* _TRY IT_: Below are the records; print exactly the lines from the one with "Lindby Melanie gulvlampe, grå, stoff, Ø" through the last, both included, and leave the pictures out.
━━━ TASK MATERIAL ━━━
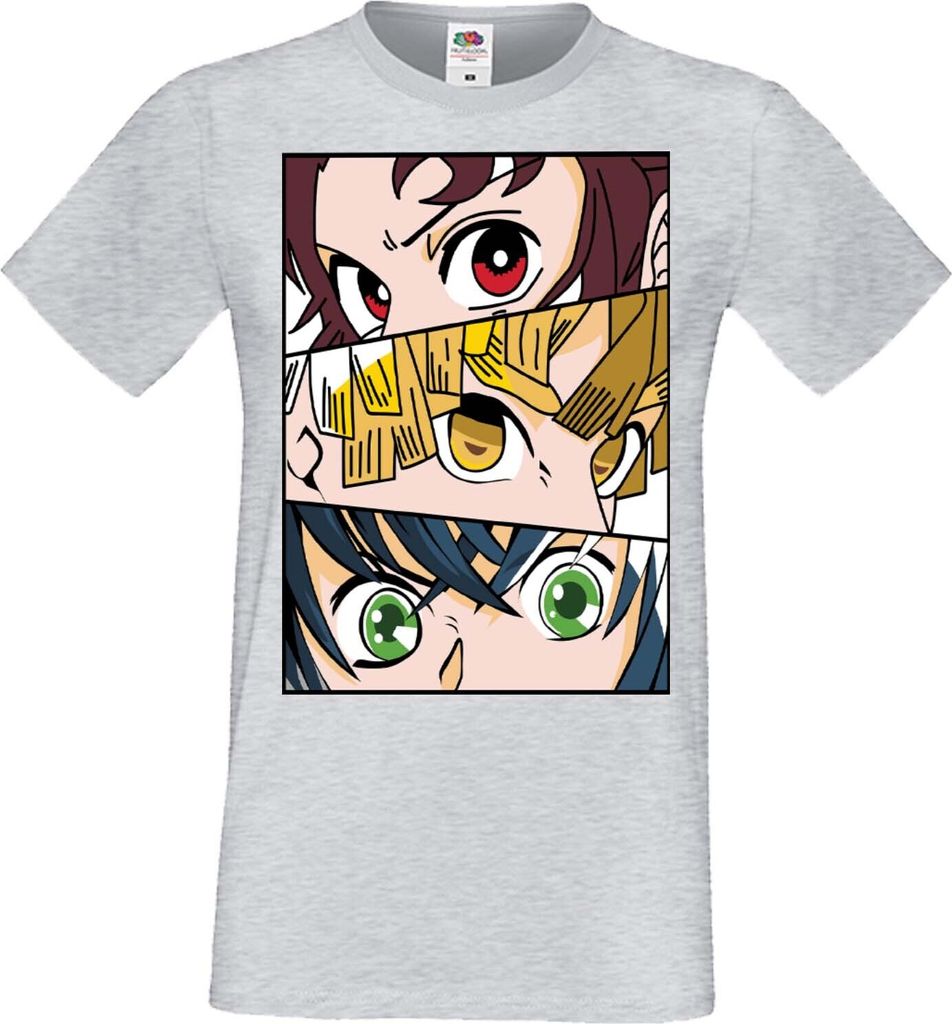 Herren T-Shirt Manga Anime Demon Anime Slayer Trio Iconic Trio, Man 2XL / Grau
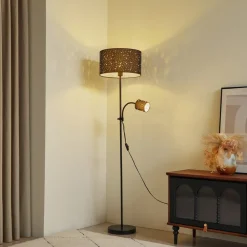 Lindby Melanie gulvlampe, grå, stoff, Ø 36 cm, 2 lyskilder.| Gulvlamper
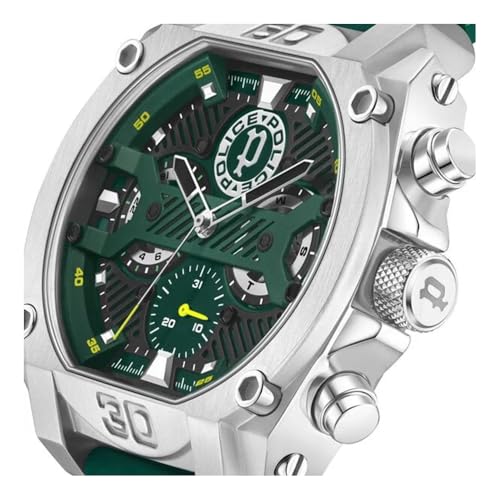 Image of Police Green Dial Multifunction Silicone Strap Watch for Men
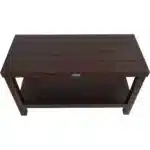 HMS Rectangular Teak Bathroom Shelf Shower Stool or Bench with Brown Finish for Your Modern Bathroom – side view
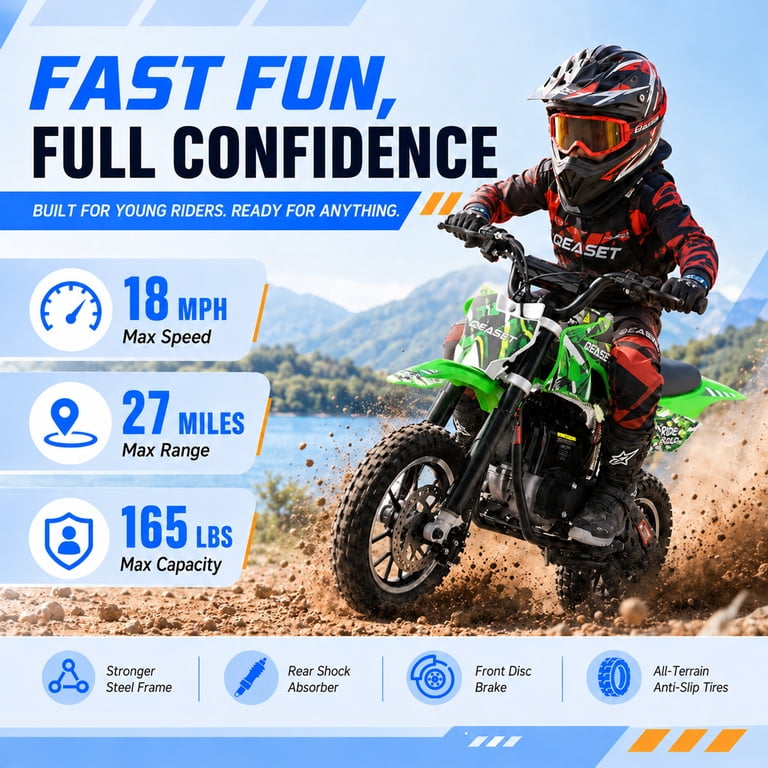 QEASET 49CC Dirt Bike, Mini Bike 2-Stroke Gas Powered off Road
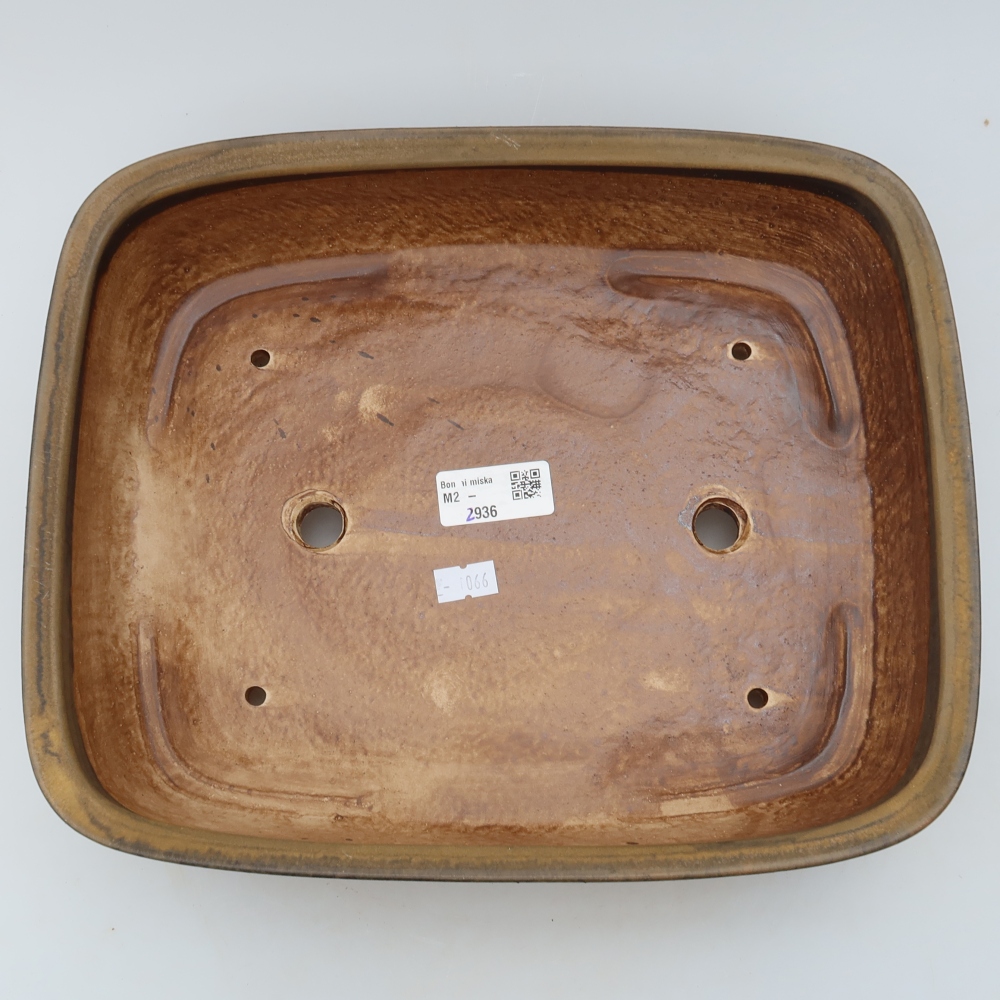 Keramik-Bonsai-Schale, 30 x 24,5 x 7,5 cm, Farbe: Braun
━━━
* _EXERCISE SOLUTION_:
 Lindby Melanie gulvlampe, grå, stoff, Ø 36 cm, 2 lyskilder.| Gulvlamper
 Image of Police Green Dial Multifunction Silicone Strap Watch for Men
 HMS Rectangular Teak Bathroom Shelf Shower Stool or Bench with Brown Finish for Your Modern Bathroom – side view
 QEASET 49CC Dirt Bike, Mini Bike 2-Stroke Gas Powered off Road
 Keramik-Bonsai-Schale, 30 x 24,5 x 7,5 cm, Farbe: Braun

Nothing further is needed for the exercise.